Illustration : Séparation de la zone E1’s de la partie urbaine de Jérusalem-Ouest (en bleu),  et son rôle central pour la zone urbaine palestinienne (en orange)

https://peacenow.org.il/en/objection-to-building-a-new-settlement-in-e1

Mis en ligne le 30 août 2020


À la veille des dernières élections, le Premier ministre Netanyahu a ordonné l’avancement des plans de construction dans la zone E1, à la suite de quoi les plans n° 420/4/7 et 420/4/10 pour la construction de 3 412 unités de logement ont été publiés pour dépôt, dans une zone située à l’est de Jérusalem Est, en plein cœur de la Cisjordanie. Les éventuels opposants à ce projet ont eu jusqu’au 28 août 2020 pour présenter leurs objections.

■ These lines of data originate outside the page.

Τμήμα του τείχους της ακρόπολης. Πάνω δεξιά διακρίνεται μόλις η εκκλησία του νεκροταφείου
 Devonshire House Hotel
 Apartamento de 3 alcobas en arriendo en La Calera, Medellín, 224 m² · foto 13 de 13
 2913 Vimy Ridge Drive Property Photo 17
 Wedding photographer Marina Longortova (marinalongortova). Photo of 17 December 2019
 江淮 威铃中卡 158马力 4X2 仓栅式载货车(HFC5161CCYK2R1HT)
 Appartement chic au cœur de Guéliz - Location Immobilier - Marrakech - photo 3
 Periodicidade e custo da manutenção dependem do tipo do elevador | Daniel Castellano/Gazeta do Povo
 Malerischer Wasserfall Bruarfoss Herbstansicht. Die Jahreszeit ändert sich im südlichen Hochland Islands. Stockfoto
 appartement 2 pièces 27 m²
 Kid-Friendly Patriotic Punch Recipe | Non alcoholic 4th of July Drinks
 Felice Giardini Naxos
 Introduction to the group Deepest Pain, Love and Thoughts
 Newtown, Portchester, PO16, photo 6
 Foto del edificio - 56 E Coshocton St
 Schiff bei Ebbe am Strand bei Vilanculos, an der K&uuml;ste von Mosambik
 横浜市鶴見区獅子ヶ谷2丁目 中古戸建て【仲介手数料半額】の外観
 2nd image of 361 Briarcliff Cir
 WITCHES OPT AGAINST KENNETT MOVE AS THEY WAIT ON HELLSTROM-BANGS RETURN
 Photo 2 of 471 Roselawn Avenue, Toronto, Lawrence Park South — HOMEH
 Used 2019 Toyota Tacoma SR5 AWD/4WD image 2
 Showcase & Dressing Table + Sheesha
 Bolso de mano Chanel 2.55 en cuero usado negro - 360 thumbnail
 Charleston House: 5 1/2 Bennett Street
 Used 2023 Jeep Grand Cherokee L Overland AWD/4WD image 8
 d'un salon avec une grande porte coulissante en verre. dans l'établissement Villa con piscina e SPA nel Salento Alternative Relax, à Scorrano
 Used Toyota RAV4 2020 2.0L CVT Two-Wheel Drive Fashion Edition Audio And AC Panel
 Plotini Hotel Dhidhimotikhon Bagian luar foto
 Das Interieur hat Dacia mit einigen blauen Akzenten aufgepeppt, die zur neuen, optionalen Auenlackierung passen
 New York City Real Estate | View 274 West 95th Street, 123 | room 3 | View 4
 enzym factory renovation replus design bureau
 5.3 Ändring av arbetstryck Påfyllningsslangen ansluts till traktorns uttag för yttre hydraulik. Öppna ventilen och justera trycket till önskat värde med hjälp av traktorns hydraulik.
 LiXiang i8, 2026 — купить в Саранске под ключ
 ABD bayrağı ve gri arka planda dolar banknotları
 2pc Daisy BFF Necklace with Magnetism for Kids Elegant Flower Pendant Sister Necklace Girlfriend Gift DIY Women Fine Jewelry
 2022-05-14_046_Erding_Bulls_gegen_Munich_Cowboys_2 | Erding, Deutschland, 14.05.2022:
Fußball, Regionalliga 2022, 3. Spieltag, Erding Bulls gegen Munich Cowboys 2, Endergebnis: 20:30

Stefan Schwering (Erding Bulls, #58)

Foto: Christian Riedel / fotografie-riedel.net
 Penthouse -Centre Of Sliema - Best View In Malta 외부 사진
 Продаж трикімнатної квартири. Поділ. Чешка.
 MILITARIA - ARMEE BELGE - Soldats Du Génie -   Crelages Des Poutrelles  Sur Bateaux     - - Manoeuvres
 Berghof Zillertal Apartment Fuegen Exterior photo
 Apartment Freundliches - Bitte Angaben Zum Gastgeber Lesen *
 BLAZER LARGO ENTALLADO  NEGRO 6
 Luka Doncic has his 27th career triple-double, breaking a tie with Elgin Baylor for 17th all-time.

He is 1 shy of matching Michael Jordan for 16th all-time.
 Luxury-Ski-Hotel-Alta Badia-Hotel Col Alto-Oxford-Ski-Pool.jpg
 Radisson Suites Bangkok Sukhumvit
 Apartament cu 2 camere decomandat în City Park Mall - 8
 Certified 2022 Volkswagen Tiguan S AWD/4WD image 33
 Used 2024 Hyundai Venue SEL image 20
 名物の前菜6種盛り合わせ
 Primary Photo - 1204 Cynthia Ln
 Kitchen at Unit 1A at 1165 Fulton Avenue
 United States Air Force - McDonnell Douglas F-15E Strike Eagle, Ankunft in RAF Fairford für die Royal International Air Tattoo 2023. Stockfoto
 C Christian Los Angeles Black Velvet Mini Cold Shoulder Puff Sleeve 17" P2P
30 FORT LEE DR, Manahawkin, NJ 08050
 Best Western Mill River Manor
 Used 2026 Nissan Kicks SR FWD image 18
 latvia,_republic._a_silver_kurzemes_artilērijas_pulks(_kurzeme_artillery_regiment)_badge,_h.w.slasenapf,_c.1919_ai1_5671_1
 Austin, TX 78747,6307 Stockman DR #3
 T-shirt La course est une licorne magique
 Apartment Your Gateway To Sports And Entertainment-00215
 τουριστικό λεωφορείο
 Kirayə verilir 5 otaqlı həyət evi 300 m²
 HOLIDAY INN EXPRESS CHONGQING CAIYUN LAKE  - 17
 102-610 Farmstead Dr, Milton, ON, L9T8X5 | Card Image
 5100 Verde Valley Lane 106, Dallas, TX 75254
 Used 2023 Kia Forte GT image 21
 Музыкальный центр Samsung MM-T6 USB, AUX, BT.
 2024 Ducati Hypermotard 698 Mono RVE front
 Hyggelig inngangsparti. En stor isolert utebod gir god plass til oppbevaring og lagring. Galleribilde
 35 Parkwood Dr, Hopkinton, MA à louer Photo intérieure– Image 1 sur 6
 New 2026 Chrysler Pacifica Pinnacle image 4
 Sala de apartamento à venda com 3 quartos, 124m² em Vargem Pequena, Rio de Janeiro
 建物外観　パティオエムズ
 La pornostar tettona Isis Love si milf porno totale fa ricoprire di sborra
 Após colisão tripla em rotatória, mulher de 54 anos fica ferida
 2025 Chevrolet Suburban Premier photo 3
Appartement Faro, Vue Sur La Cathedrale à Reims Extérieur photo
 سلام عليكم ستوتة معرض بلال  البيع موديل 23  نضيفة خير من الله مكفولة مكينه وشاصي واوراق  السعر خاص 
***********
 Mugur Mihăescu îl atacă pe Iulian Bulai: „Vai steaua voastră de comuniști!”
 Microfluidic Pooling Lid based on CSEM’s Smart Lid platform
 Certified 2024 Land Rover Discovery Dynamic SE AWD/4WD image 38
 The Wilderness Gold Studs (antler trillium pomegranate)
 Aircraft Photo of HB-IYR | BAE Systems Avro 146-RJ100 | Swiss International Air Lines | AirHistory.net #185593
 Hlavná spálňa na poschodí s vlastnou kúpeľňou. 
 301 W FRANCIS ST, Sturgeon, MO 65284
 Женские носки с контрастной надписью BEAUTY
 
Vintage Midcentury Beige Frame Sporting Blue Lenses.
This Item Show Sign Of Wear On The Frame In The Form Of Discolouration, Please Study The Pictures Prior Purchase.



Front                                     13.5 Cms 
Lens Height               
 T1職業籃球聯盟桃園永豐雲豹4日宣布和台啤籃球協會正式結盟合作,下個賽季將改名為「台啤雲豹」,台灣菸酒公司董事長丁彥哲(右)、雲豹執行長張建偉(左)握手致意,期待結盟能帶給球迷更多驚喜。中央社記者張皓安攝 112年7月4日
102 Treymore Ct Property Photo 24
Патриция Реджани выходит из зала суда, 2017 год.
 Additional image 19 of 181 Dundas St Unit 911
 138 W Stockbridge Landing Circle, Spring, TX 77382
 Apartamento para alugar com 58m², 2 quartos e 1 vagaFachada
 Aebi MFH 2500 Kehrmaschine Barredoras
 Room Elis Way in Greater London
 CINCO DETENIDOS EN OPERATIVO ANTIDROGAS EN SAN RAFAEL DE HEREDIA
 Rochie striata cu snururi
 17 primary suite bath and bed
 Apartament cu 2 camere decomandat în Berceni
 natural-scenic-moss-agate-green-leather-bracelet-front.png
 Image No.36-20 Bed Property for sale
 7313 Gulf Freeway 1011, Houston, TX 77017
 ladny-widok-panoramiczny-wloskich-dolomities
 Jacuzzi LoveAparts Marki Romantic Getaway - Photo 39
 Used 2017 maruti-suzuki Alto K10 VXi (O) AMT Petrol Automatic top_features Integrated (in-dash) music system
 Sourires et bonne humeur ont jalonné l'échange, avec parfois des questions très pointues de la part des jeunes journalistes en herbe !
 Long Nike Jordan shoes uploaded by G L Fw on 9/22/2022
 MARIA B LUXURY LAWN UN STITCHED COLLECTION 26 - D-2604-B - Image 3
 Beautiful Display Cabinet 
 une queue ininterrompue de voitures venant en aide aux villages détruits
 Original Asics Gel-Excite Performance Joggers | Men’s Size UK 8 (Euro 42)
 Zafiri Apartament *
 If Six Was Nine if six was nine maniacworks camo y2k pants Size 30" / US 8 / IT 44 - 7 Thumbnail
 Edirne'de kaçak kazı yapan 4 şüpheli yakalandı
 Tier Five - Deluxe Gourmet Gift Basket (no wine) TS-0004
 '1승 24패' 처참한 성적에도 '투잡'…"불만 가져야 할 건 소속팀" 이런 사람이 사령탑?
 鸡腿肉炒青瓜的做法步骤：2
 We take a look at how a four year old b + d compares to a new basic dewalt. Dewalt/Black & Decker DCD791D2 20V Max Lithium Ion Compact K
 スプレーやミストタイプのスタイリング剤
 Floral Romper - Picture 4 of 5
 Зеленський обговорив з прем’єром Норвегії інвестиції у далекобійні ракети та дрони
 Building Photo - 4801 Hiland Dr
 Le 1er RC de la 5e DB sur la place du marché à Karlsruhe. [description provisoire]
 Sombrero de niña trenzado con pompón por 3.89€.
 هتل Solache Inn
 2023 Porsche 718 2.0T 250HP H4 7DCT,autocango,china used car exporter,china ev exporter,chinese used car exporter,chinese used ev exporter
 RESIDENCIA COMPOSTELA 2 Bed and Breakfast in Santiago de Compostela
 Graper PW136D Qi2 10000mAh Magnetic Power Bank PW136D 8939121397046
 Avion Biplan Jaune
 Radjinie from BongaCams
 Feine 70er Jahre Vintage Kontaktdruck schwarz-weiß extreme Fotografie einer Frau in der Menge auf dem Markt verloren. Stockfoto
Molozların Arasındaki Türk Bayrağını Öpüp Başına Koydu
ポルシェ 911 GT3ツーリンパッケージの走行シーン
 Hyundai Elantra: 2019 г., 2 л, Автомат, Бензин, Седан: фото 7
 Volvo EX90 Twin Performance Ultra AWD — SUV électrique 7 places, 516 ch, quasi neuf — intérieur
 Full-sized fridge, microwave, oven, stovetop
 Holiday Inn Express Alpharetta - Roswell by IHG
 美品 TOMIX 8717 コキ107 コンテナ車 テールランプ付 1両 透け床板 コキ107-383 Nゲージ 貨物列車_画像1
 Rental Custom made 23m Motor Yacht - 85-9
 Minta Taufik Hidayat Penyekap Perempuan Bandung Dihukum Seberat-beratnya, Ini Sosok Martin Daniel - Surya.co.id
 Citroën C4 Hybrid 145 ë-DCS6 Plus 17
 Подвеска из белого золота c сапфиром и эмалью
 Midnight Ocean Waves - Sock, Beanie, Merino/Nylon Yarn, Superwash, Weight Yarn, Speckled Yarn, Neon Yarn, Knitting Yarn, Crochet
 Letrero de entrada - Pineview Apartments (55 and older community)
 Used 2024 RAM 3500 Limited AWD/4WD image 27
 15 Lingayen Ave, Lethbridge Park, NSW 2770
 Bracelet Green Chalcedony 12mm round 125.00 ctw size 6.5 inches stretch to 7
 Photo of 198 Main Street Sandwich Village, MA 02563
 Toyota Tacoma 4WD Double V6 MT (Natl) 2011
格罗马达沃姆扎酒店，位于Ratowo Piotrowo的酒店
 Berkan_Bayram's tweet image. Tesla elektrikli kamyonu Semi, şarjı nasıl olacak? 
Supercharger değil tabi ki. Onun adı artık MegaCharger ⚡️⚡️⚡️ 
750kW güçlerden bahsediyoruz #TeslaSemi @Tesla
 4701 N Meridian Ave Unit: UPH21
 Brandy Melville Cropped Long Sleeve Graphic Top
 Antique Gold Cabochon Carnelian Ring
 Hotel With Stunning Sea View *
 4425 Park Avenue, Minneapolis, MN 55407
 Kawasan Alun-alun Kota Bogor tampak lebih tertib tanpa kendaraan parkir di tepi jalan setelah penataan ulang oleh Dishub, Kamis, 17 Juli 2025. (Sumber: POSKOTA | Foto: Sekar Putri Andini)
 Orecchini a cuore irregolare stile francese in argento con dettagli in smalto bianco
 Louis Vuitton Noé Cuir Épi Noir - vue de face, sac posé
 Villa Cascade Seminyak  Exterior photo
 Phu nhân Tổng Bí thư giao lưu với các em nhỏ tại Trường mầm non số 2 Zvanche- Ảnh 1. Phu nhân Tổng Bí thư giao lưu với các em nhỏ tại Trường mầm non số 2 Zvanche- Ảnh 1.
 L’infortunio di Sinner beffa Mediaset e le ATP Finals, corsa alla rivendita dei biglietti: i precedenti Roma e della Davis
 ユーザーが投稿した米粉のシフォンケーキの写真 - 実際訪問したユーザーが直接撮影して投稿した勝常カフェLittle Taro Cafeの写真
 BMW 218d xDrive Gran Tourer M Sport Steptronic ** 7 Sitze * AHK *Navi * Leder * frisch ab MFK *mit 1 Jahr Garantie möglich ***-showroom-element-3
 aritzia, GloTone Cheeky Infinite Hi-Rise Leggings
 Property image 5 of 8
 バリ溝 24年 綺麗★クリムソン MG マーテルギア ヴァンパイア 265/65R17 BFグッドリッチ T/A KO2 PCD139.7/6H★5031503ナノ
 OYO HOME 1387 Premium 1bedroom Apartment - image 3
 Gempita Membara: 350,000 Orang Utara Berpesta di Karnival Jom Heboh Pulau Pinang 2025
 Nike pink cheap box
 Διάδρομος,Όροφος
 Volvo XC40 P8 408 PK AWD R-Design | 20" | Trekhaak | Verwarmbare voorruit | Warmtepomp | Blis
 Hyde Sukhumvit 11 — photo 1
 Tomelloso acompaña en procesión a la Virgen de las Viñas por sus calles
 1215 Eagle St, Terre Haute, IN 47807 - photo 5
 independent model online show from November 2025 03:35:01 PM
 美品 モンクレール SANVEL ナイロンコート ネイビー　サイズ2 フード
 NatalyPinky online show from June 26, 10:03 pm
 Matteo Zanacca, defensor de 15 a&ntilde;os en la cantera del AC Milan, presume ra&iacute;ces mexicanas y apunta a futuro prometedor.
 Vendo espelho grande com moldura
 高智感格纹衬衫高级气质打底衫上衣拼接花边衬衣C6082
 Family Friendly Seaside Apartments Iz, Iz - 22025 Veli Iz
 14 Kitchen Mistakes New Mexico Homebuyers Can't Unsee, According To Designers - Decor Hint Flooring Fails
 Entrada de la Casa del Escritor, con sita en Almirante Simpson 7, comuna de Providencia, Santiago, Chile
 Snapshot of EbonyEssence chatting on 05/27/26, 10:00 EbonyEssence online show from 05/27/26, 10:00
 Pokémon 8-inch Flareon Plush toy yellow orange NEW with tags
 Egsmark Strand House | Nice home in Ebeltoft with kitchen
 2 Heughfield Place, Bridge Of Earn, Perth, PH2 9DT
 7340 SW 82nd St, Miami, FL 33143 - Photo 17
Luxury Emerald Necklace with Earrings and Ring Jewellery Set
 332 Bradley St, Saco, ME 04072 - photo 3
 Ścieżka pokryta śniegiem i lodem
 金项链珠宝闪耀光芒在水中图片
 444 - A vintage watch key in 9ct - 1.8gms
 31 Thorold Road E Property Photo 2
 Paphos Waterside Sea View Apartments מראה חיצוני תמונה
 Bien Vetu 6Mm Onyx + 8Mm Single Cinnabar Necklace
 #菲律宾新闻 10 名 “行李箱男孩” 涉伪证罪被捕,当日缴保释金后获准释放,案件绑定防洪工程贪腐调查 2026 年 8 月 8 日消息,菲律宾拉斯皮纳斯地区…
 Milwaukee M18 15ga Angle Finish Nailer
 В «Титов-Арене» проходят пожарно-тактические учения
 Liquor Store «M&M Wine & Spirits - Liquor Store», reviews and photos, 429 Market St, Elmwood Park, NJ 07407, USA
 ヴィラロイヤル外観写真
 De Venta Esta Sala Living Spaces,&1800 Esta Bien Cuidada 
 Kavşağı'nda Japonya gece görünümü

La construction dans la zone E1 est considérée comme essentiellement fatale à la perspective d’une solution à deux Etats car elle divise la Cisjordanie en deux – une région Nord et une région Sud – et empêche le développement de la métropole centrale Ramallah-Jérusalem-Est-Bethléem en Cisjordanie. Même du point de vue du développement et de la planification israéliens, une colonie de peuplement dans l’E1 ferait plus de mal que de bien et pourrait conduire à l’affaiblissement de Jérusalem sur le plan économique et social.

https://www.youtube.com/watch?v=cnyL6mGcQug&feature=youtu.be

Les principaux arguments de cette objection :

(Celle-ci a été préparée par l’architecte Uri Reicher, spécialisé dans l’aménagement du territoire, et en particulier dans l’aménagement palestinien en Cisjordanie.)

A. La zone E1 est essentielle au développement des Palestiniens (tout autant que la métropole de Tel-Aviv l’est au développement d’Israël), de sorte que la construction israélienne dans la zone E1 pourrait détruire les chances de paix.
La construction dans la zone E1 portera gravement atteinte à la capacité de développement d’un État palestinien ou de tout espace palestinien indépendant. La zone E1 est la seule réserve foncière de la région métropolitaine de Bethléem-Jérusalem-Ramallah, qui permet le développement d’une métropole urbaine essentielle à la croissance économique et au développement de la métropole.
Sans la zone E1, aucun État palestinien viable ne peut être créé, avec un potentiel de développement économique et social avec Jérusalem-Est pour capitale. Ce sont là des conditions nécessaires pour parvenir à la paix et à une solution à deux États. C’est pourquoi la colonisation dans la zone E1 est considérée comme mortelle en termes de perspective de paix.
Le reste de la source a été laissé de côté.